Legislators in Canada's lower house approved a bill that strips the Canadian Wheat Board of its monopoly powers, and sets the stage for grain growers to soon begin negotiating contracts to sell their barley and wheat for delivery after Aug. 1 of next year.
The governing Conservative Party, which holds the majority of seats in the Canadian legislature, used Parliamentary procedures to limit debate on the wheat-board bill, which would allow Canadian barley and wheat farmers in western Canada to choose who they sell their wares to.
Grain farmers are currently compelled to sell to the Canadian Wheat Board.
The bill passed Monday - 153 in favor versus 120 against - and now the upper chamber, or Senate, can conduct its own review.
The Conservative government has repeatedly said it wanted the bill to receive Parliamentary approval - meaning endorsements from both legislative chambers - before the end of 2011 in an effort provide certainty to farmers and commodity markets.
The Conservatives also hold a majority in the Senate, meaning the bill's passage before Dec. 31 looks likely.
"This is a tremendous day," said Canadian Agriculture Minister Gerry Ritz, hours before the vote but anticipating the bill's approval. "This is a movement forward.

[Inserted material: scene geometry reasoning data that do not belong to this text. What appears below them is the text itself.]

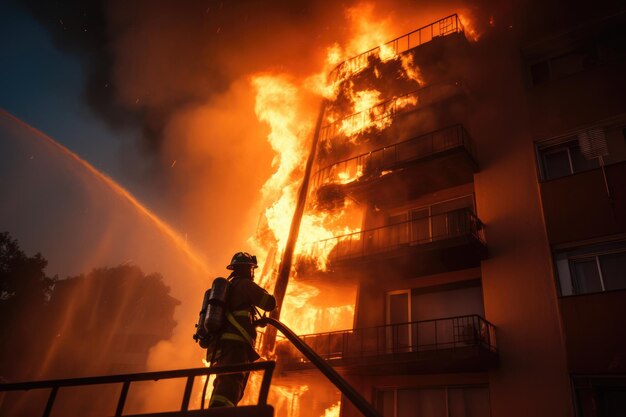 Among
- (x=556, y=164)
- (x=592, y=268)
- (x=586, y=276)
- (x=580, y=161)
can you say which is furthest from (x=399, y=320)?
(x=580, y=161)

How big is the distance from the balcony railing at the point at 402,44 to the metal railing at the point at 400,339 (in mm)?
10680

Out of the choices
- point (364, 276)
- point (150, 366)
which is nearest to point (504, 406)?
point (364, 276)

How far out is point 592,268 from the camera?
35.4ft

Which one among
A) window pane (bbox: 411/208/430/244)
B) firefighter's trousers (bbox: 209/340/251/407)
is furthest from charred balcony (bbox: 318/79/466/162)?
firefighter's trousers (bbox: 209/340/251/407)

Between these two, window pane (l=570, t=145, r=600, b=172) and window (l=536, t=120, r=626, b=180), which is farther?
window pane (l=570, t=145, r=600, b=172)

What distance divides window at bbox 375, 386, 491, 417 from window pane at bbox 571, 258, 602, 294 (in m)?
3.24

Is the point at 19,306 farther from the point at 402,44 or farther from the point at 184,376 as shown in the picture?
the point at 184,376

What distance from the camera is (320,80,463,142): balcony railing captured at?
16500mm

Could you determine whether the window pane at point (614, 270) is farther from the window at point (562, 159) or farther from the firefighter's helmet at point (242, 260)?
the firefighter's helmet at point (242, 260)

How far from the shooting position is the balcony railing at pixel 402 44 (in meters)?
18.1

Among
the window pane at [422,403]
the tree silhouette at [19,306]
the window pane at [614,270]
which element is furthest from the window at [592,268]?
the tree silhouette at [19,306]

This is what we have been waiting for for decades. We will get the job done."
The Conservative Party had long argued for dismantling the wheat board, which it said was a relic of another era and denied western Canadians basic economic freedoms.
Even though it has been in power since 2006, the Conservative government didn't have enough votes to repeal the wheat board until this year, when it won a majority mandate last May.
Once the bill is approved by the Canadian senate and receives royal assent - largely a formality - farmers and grain companies can begin to enter into forward contracts for delivery after Aug. 1 of next year.
In addition, as of next August, western Canadian wheat and barley farmers can sell all their grain as they so choose.
Ritz had warned Canada's parliament would sit through the Christmas holiday break, if required, to ensure passage before year end.
The wheat board, through its power as sole purchaser, controls around 14% of global wheat exports, including about half the world's exports of durum wheat, which is used to make pasta.
As a result of the pending legislation, grain handlers such as Cargill, Viterra and Bunge could see their roles (and returns) in Canadian grain markets grow.
Some wheat-board directors have filed a lawsuit with the Federal Court of Canada in a last-ditch effort to stop the Conservative government.
The directors' lawyers argue the government did not seek farmer consent before moving ahead with changes to the Winnipeg-based agency, something they say is mandatory under existing legislation.
Bryan Schwartz, a law professor at the University of Manitoba in Winnipeg, said the lawsuit faces a "major" hurdle, in that it is challenging the principle of parliamentary supremacy or the power of elected legislators to pass, repeal or amend the country's laws.